Another approach is the so-called demographic parity. In that case, one requires that the membership of a protected attribute is uncorrelated with the output of the algorithm. Let us assume that granting a loan is indicated by a target binary variable Y = 1 (the ground truth) and that the protected (binary) attribute is called A. The forecast of the model is called Z. Demographic parity then means that
Pr[ Z = 1 | A = 0] = Pr[ Z=1 | A=1]
This notion, however, is also flawed. A key issue with the approach is that if the ground truth (i.e. default in our example) does depend on the protected attribute, the perfect predictor (i.e. Y=Z) cannot be reached and therefore the utility and predictive power of the model reduces. Moreover, by requiring demographic parity, the model has to yield (on average) the same outcome for the different values of the protected attribute. In our example, demographic parity would imply that the model would have to refuse good candidates from one category and accept bad candidates from the other category in order to reach the same average level. Concretely, assuming that the Dutch-speaking people historically have defaulted on 3% of their loans while the French speakers only on 1%, demographic parity would typically be in the disadvantage of the Walloons.
A more subtle suggestion for fairness was proposed by Hardt et al:
Pr[Z=1 | Y=y, A=0] = Pr[Z=1 | Y=y, A=1]
for y=0,1. In other words, relatively speaking the model has to be right (or wrong) as often for either value of the protected attribute. This definition incentivizes more accurate models and the property is called oblivious as it depends on the joint distribution of A, Y and Z.
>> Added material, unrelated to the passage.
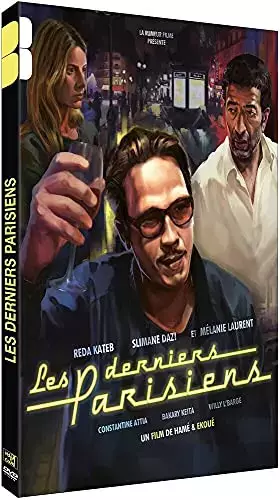 Couverture du produit · Les Derniers parisiens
As can be seen from the above, mastering fairness in ML/AI is crucial. This is why many tech giants such as Google, Facebook, Microsoft and IBM have created initiatives to tackle this problem. However, given that bias in algorithms is just one instance of model risk, we believe that the best approach is to separate concerns and handoff bias detection to entities that are independent of the model developers. In other words, we suggest leveraging the separation between the first and second line of defence to tackle bias efficiently.